Com o advento da Constituição Federal de 1988, foi criado o Superior Tribunal de Justiça, cuja competência, desde então, é a de uniformizar o direito federal infraconstitucional, pacificando, como conseqüência, a jurisprudência no âmbito dos tribunais estaduais e regionais, espalhados pelo País. Dando efetividade a esta sua missão, a referida Corte tem contribuído para que casos idênticos tenham soluções idênticas, situação esta que traz segurança jurídica.
Percebe-se, assim, que o STJ, ao julgar os recursos especiais que lhe são encaminhados, exerce uma função política. Apenas como mera conseqüência desse trabalho de interpretação do Direito Federal, é que a Corte aplica o seu entendimento jurídico ao caso concreto. Isso significa que o interesse público de pacificação da jurisprudência prevalece sobre interesses das partes litigantes, nos julgamentos lá realizados. Nesse contexto, pode-se dizer, em poucas palavras, que só será examinado pelo STJaquele recurso especial que veicule tese jurídica séria e que mereça ser pacificada.
Na outra ponta, contudo, tem-se o jurisdicionado, que, inconformado com o resultado até então adverso, confia que o seu recurso especial, dirigido ao STJ, fará prevalecer o entendimento que defende. Nada mais natural, pois o inconformismo é da natureza humana e, além disto, existem decisões dos tribunais inferiores equivocadas, e que precisam, sim, ser corrigidas.
Pois bem, se é verdade que deve haver uma séria seleção dos recursos que mereçam ser avaliados pelo STJ, não menos correto é que essa triagem há que estar presa aos limites da lei. Ou seja, é vedado à Corte, com base em critérios não constantes de lei, deixar de examinar recursos especiais.
Ocorre que, com graves prejuízos aos cidadãos e seus advogados, o STJ não tem examinado diversos recursos, valendo-se da chamada “jurisprudência defensiva”. Esta postura, com o devido respeito, precisa ser revista.
Um exemplo grave desse quadro está em decisões daquela Corte, pelas quais não conhece recursos especiais, ao fundamento de que as respectivas guias de recolhimento das custas estão preenchidas sem constar o número de origem do processo (ED em RESP 850.355-RJ) ou porque estão preenchidas à caneta (AI 1.155.821-MG).
Francamente, não existe lei, no sentido formal e material, que estabeleça requisitos desta natureza. Demais disto, afronta à razoabilidade deixar de examinar teses relevantes, apenas por um detalhe burocrático no preenchimento de guias.
As normas processuais existem para permitir que o Judiciário possa examinar o mérito dos conflitos.

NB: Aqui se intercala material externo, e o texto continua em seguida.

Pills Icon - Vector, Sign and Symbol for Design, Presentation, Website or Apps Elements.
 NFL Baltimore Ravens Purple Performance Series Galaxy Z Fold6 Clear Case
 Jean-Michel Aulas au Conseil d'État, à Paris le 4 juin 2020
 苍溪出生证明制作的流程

Elas não podem se transformar em “atores principais”, e muito menos ser usadas pelo Judiciário como um jogo de armadilhas, a impedir a efetiva pacificação dos conflitos e da própria jurisprudência.
Na linha do que acena o projeto do novo CPC, em trâmite na Câmara dos Deputados, espera-se que o STJ reveja esse seu posicionamento. Os cidadãos e os advogados agradecerão!
Luiz Fernando Valladão Nogueira
Advogado e Autor do Livro “Recurso Especial”.